Die Durchlaufzeit setzt sich zusammen aus TA (Auftragszeit), TT (Musszeit: Transportzeit), TW (Kannzeit: Wartezeit, also vor der Fertigung) und TL (Liegezeit, also nach der Fertigung). Zu unterscheiden sind zwei Varianten:

  1. Holprozess, Pull:
    Durchlaufzeit = TT + TW + TA + TL
  2. Bringprozess, Push:
    Durchlaufzeit = TW + TA + TL + TT

Einziger Unterschied: "TT rutscht vom Anfang zum Ende."

Kapazitätsterminierung (2. Auftragsstatus)

Modelle zur Ablaufplanung dienen zur visuellen Unterstützung der Fertigungsplanung und -steuerung. Insbesondere zwei Modellformen werden dazu genutzt:

  1. Balkendiagrammtechnik (Gantt-Diagramm)
  2. Netzplantechnik.

Netzplanmodelle werden bei Verzweigungen im Prozessverlauf eingesetzt und einer Vielzahl zu koordinierender Tätigkeiten.
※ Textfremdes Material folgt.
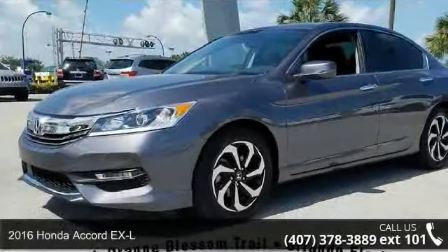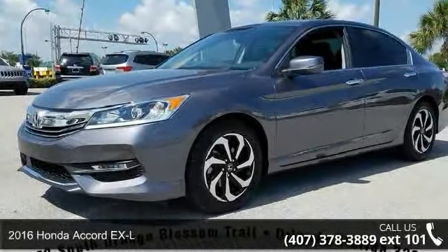Check out this 2016 Honda Accord XL. This may be the set of wheels you've been looking for.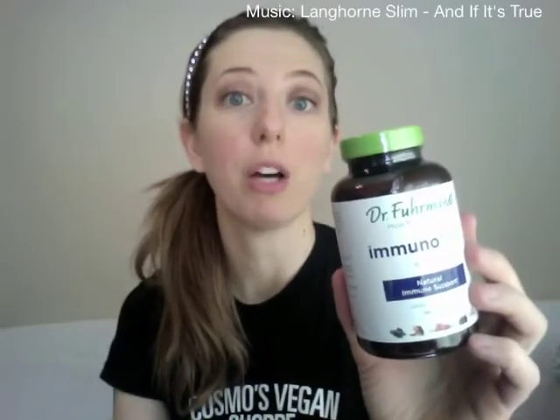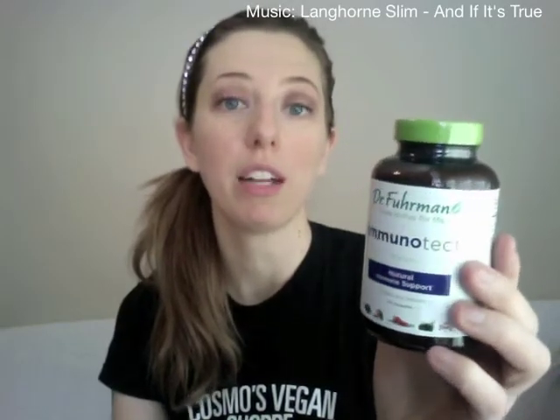This week we have a new product from Dr. Furman, it's Immunotech. It's an immunity boosting supplement with a blend of berry extracts and a mushroom concentrate with tons of different mushrooms you've probably never even heard of. It's designed to work together with your healthy vegan diet to boost your immunity against colds and flus and other stuff like that.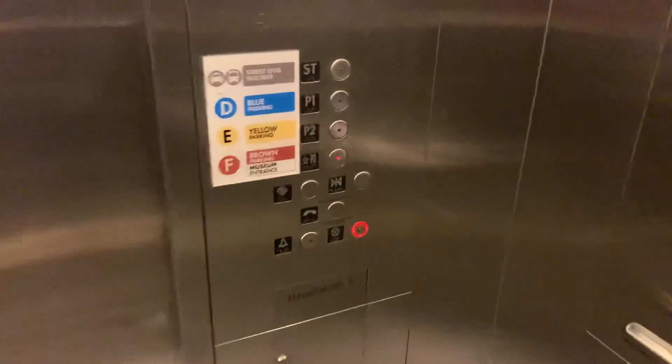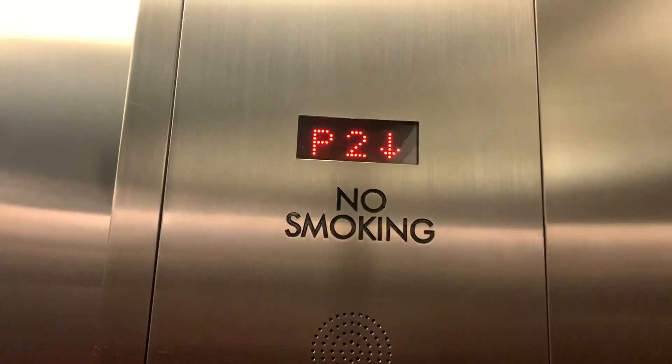This thing is just as big as an IKEA elevator, Jesus. There's your fixtures, that's your indicator, that's your certificate of inspection.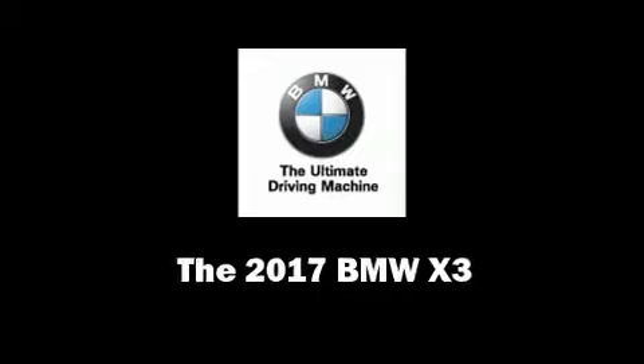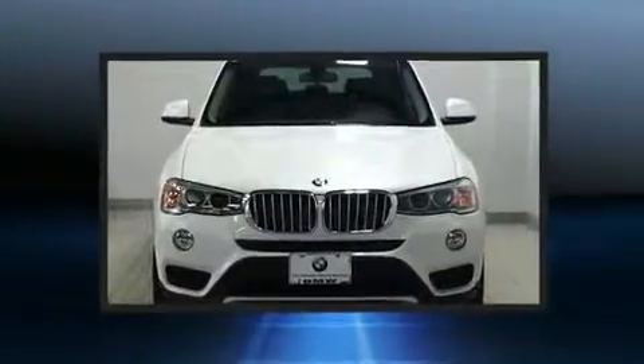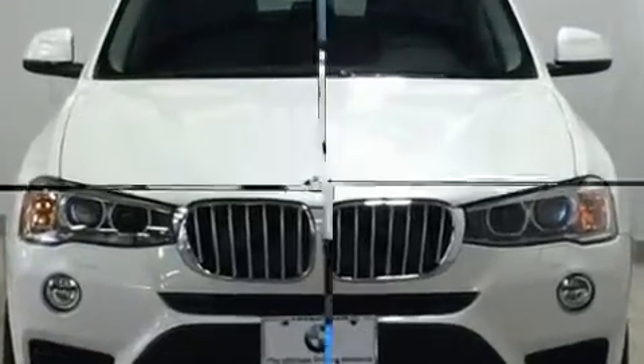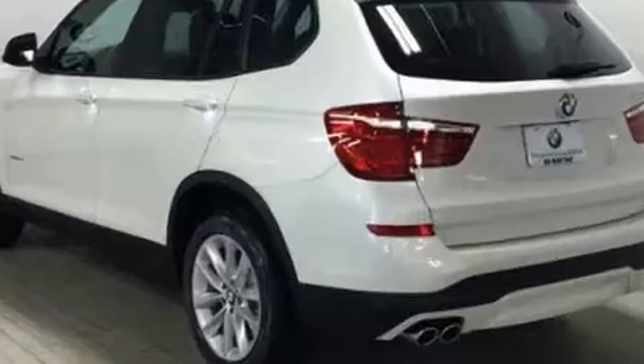Treat yourself to a test drive in the 2017 BMW X3. It features all-wheel drive versatility, an automatic transmission, and a 2-liter 4-cylinder engine. A turbocharger is also included as an economical means of increasing performance.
Bekannt sind drei Varianten:

  1. Critical Path Method (vorgangspfeilorientiert)
  2. Metra Potential Method (vorgangsknotenorientiert)
  3. Program Evaluation and Review Technique (ereignisknotenorientiert)

Der Grundaufbau des Metra Potential Method-Knotens ist ähnlich einer Tabelle und gleicht einer drei-mal-drei-Felder Matrix:

Grundaufbau des Metra Potential Method-Knotens
Frühester Anfangszeitpunkt - Frühester Endzeitpunkt
Vorgang Dauer Puffer
Spätester Anfangszeitpunkt - Spätester Endzeitpunkt

Übungsaufgabe:

Vorgangsliste (Angaben stammen aus dem Arbeitsplan)
Vorgang Zeitdauer vorangegangener Vorgang
A 25 -
B 8 A
C 6 B
D 9 A
E 21 A
F 10 C, D
G 6 E, F
H 15 E
I 2 G
K 1 H, I
L 2 K

Mit Hilfe von Metra Potential Method-Knoten wird eine Vorgangsplanung durchgeführt.

Vorgangsplanung

Bildbeschreibung "Vorgangsplanung": Abbildung der in der vorangegangenen Tabelle gegebenen Werte (Vorgang A bis L). Über die gegebene Dauer jedes Vorgangs werden in einer Vorwärtskalkulation der früheste Anfangs- und Endzeitpunkt ermittelt und in einer Rückwärtskalkulation der späteste Anfangs- und Endzeitpunkt jedes Vorgangs. Daraus ergibt sich ein kritischer Pfad, hier verläuft dieser über A - E - H - K - L mit einer Durchlaufzeit von 64 Tagen.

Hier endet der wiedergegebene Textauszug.